### What to do
Reproduce exactly the lines from the one containing "Young disgusting slob compilation - RARE!" through the end of the listing, minus the pictures.

### Stored data

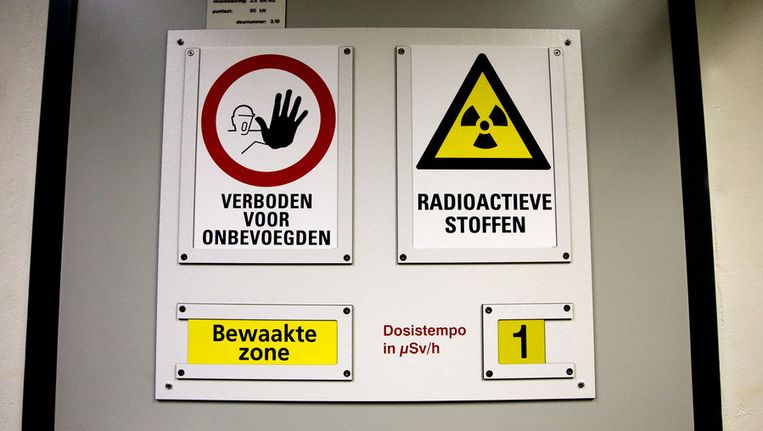 Brabant wil dat België opslag kernafval beter onderzoekt | Het Parool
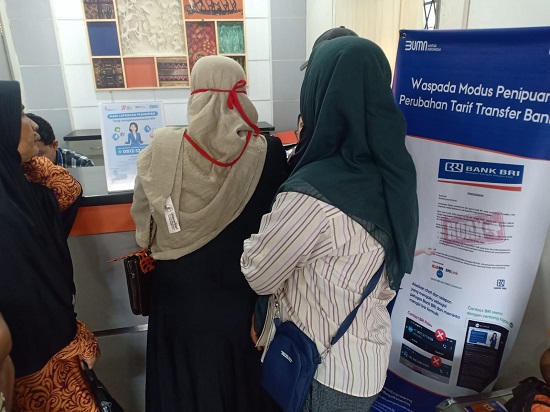 Dana Bantuan PIP Siswa SDN Ditelap, Wali Murid Tuntut Pertanggungjawan Kasek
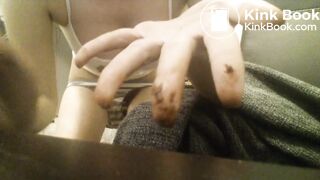 Young disgusting slob compilation - RARE!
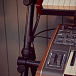 Musical instriments stand Gravity KS MKS 01 B Black - img.25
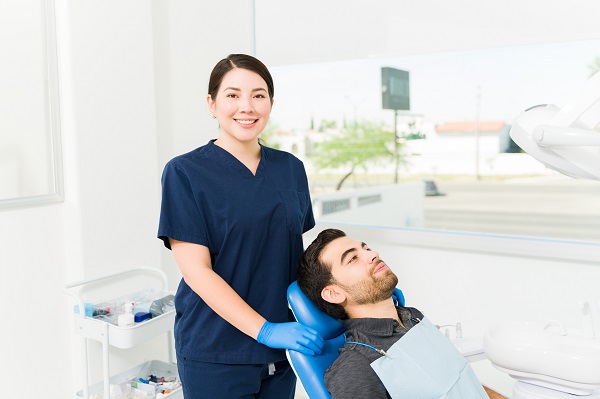 Why Would A Dentist Recommend Sedation Dentistry?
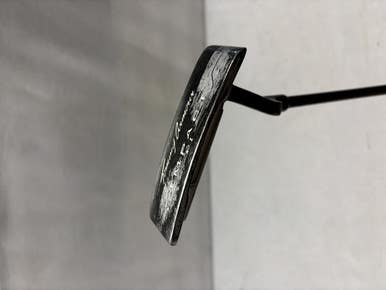 Used Tommy Armour IMPACT NO. 1 BLADE Mens Putter RH 11490-S000265426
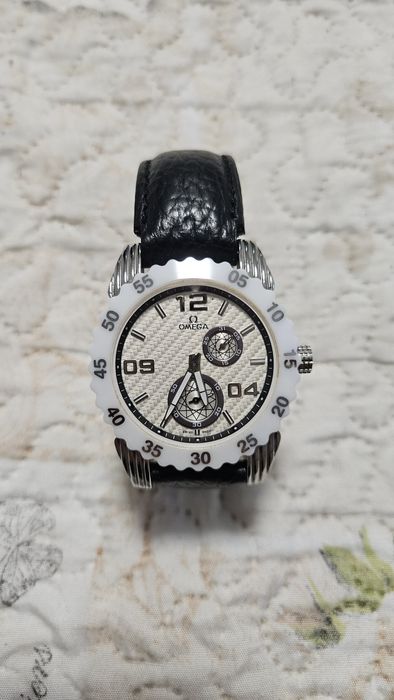 Омега speedmaster
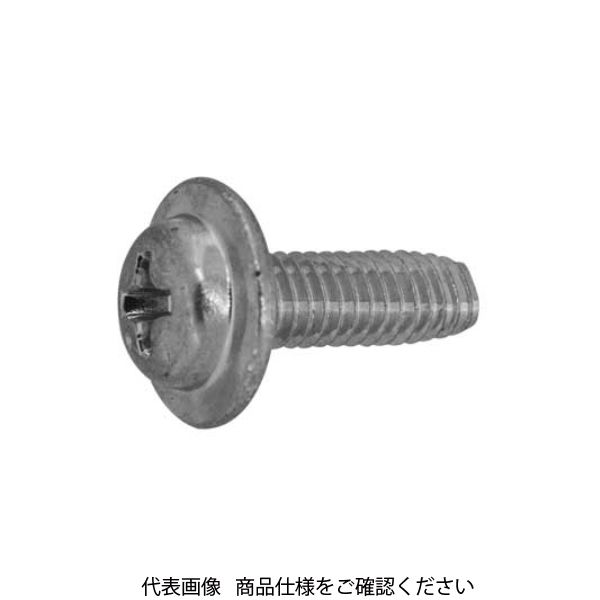 ファスニング J タッピングねじ 3カーB SPザツキ Sタイプ 3 X 10 3000SPS00030010004 1箱（2500個）（直送品）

### Solution to this exercise
 Young disgusting slob compilation - RARE!
 Musical instriments stand Gravity KS MKS 01 B Black - img.25
 Why Would A Dentist Recommend Sedation Dentistry?
 Used Tommy Armour IMPACT NO. 1 BLADE Mens Putter RH 11490-S000265426
 Омега speedmaster
 ファスニング J タッピングねじ 3カーB SPザツキ Sタイプ 3 X 10 3000SPS00030010004 1箱（2500個）（直送品）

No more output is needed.